* _What the exercise asks_
Although the data below contains pictures, output only the lines between those holding "BLEKK HP NO935 MAGENTA" and "XS 10W-40 5�", inclusive, exactly and without those pictures.

* _Data excerpts_
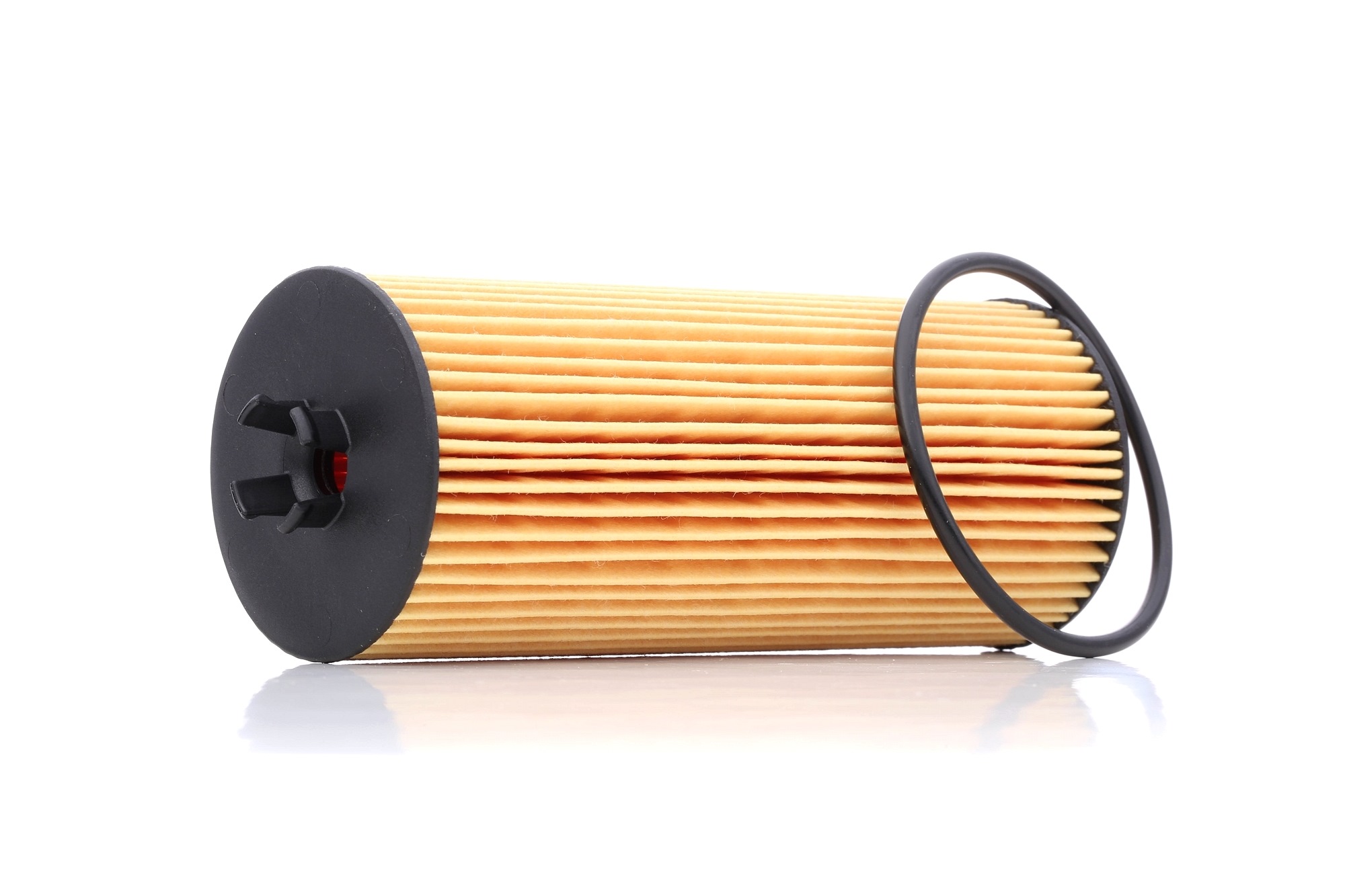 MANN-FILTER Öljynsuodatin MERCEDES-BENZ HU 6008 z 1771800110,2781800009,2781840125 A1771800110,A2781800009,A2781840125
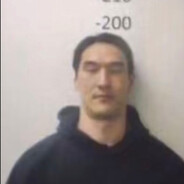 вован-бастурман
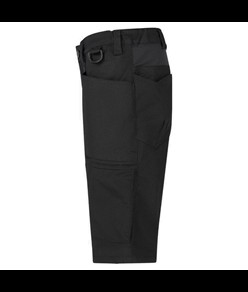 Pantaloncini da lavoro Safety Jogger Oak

...

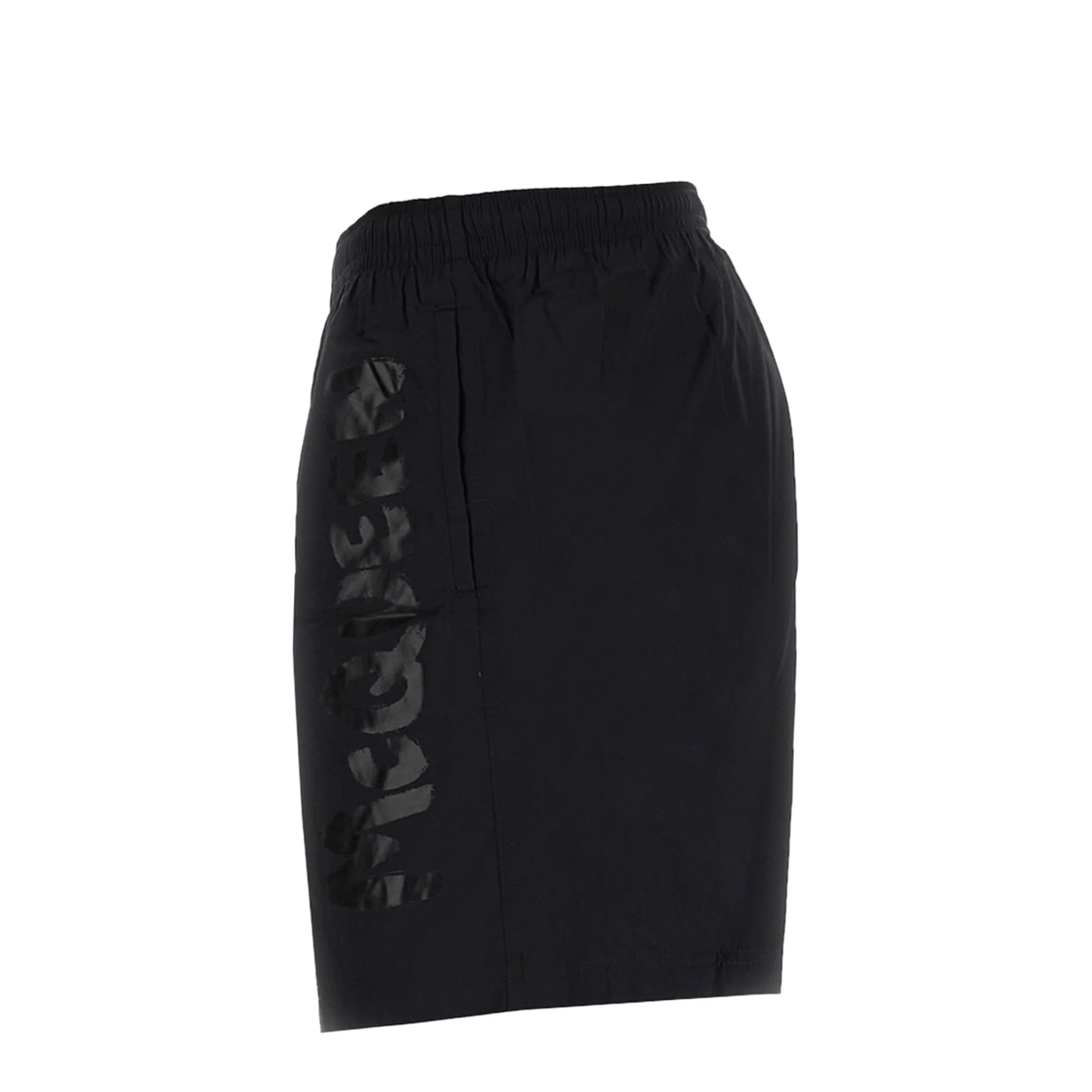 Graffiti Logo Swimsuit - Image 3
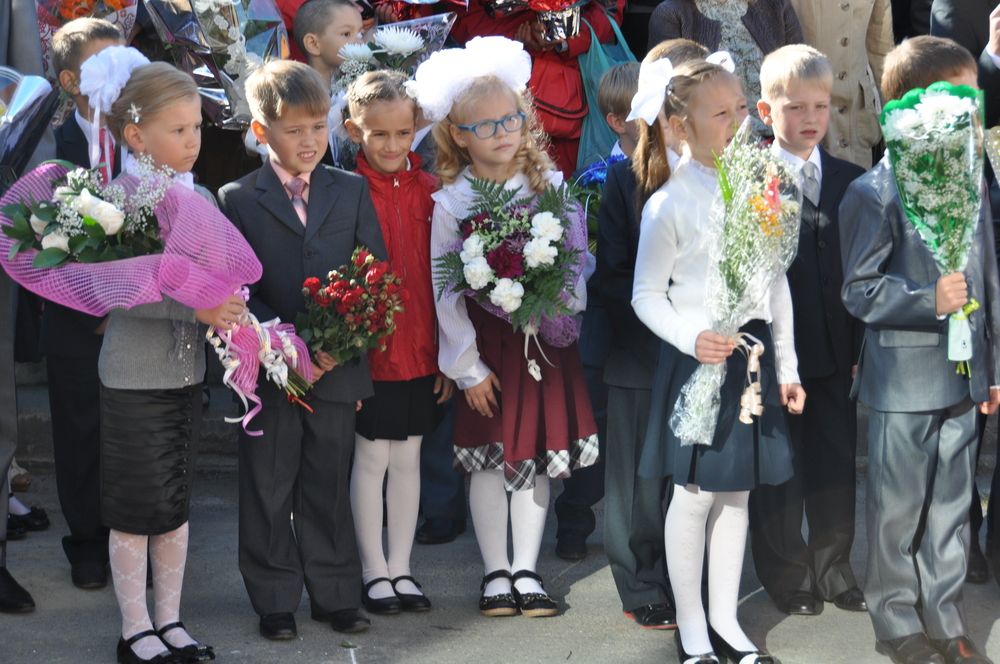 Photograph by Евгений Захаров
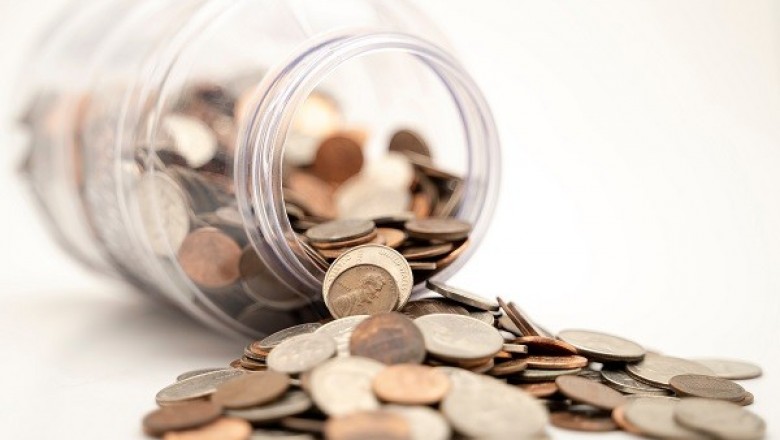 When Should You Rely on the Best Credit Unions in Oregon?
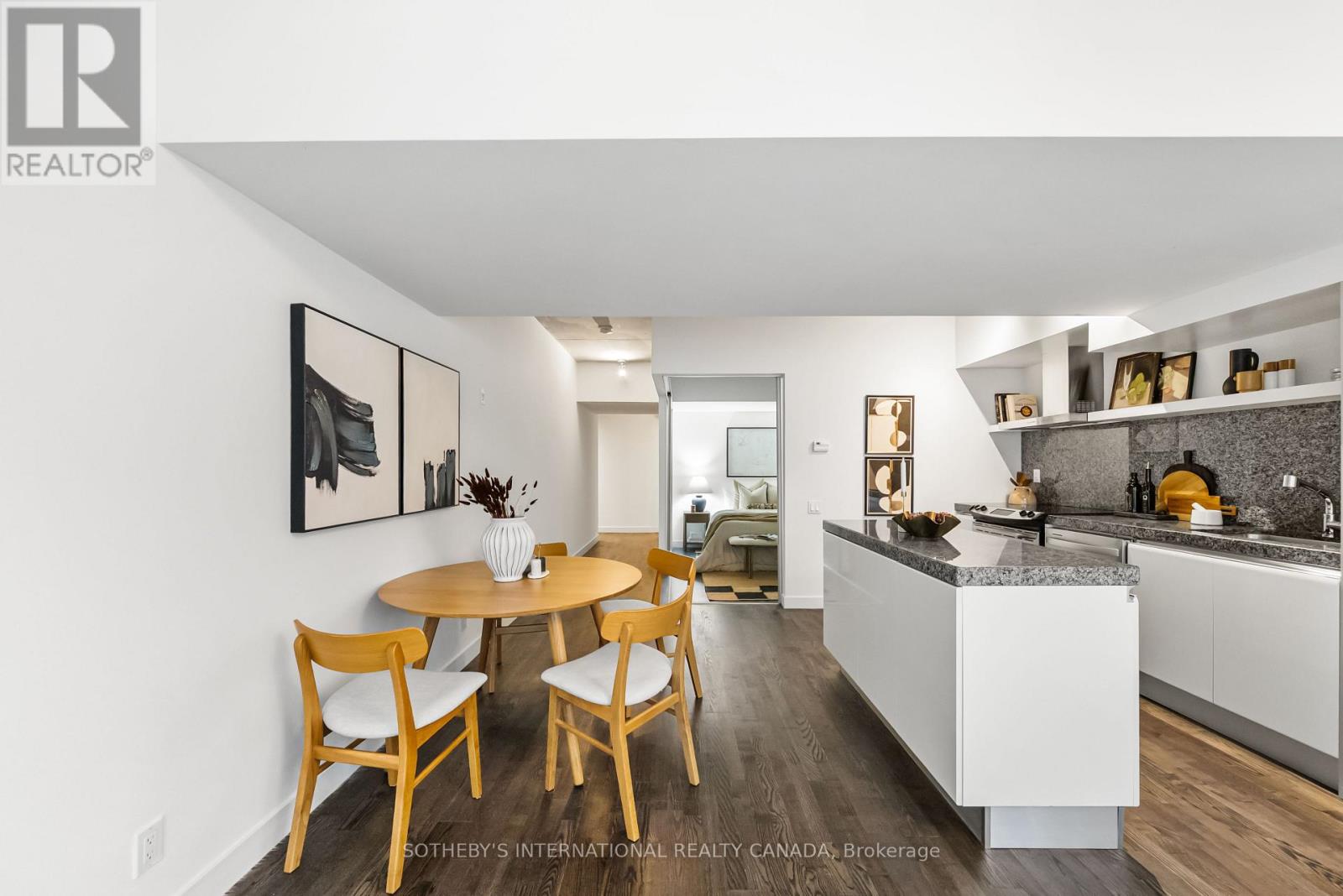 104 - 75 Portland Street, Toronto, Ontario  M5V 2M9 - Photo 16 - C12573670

...

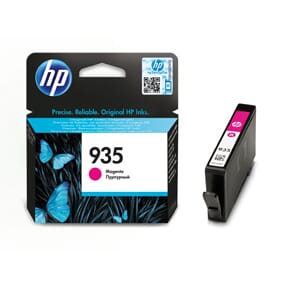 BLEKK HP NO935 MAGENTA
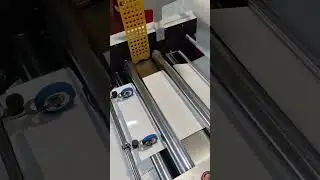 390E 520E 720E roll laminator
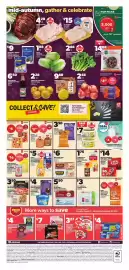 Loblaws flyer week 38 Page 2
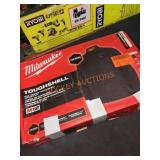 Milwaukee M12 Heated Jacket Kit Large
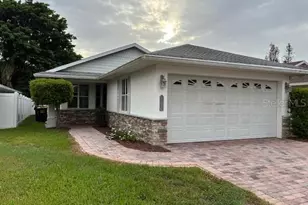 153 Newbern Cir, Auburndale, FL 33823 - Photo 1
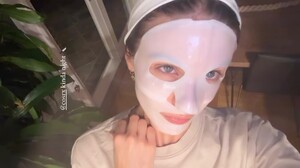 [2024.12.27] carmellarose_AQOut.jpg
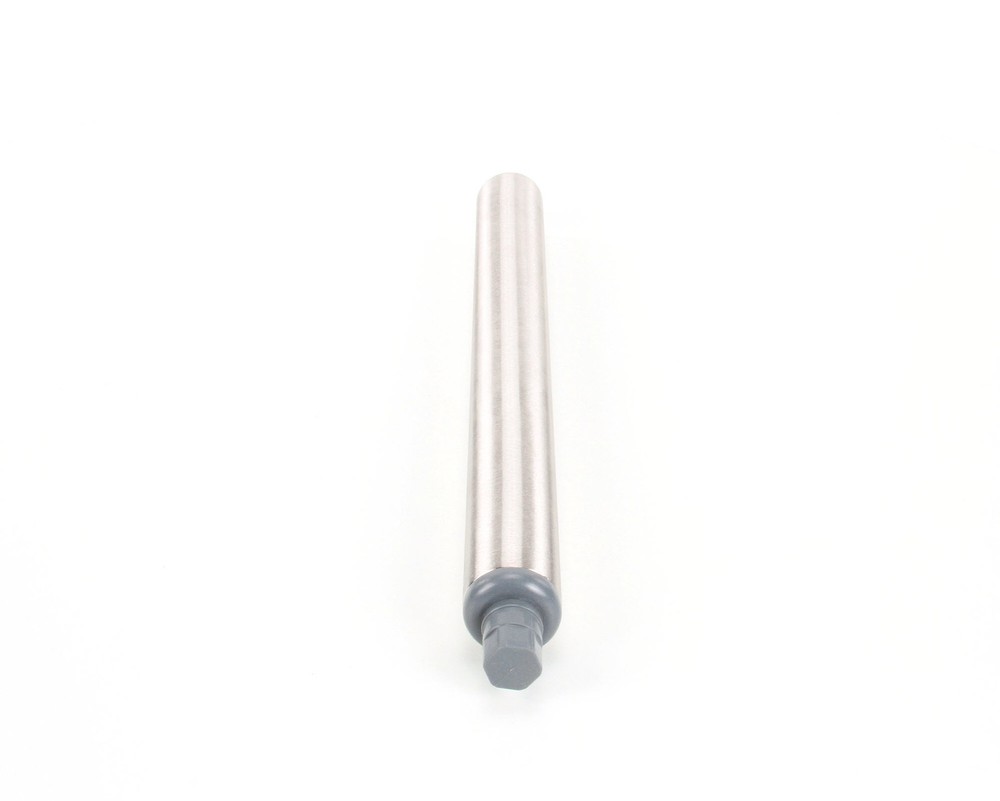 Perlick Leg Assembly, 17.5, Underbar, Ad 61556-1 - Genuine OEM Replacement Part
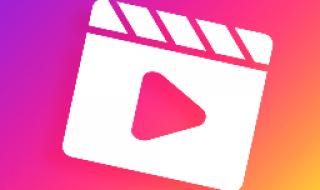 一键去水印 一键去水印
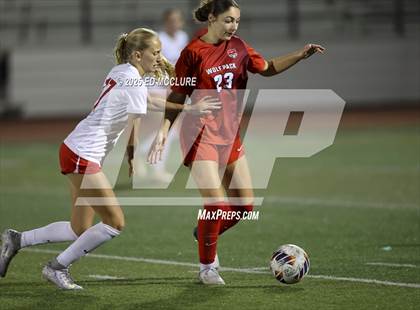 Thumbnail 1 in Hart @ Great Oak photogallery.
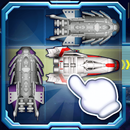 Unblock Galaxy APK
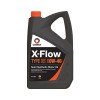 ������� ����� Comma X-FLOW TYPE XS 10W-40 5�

* _Exercise solution_
 BLEKK HP NO935 MAGENTA
 390E 520E 720E roll laminator
 Loblaws flyer week 38 Page 2
 Milwaukee M12 Heated Jacket Kit Large
 153 Newbern Cir, Auburndale, FL 33823 - Photo 1
 [2024.12.27] carmellarose_AQOut.jpg
 Perlick Leg Assembly, 17.5, Underbar, Ad 61556-1 - Genuine OEM Replacement Part
 一键去水印 一键去水印
 Thumbnail 1 in Hart @ Great Oak photogallery.
 Unblock Galaxy APK
 ������� ����� Comma X-FLOW TYPE XS 10W-40 5�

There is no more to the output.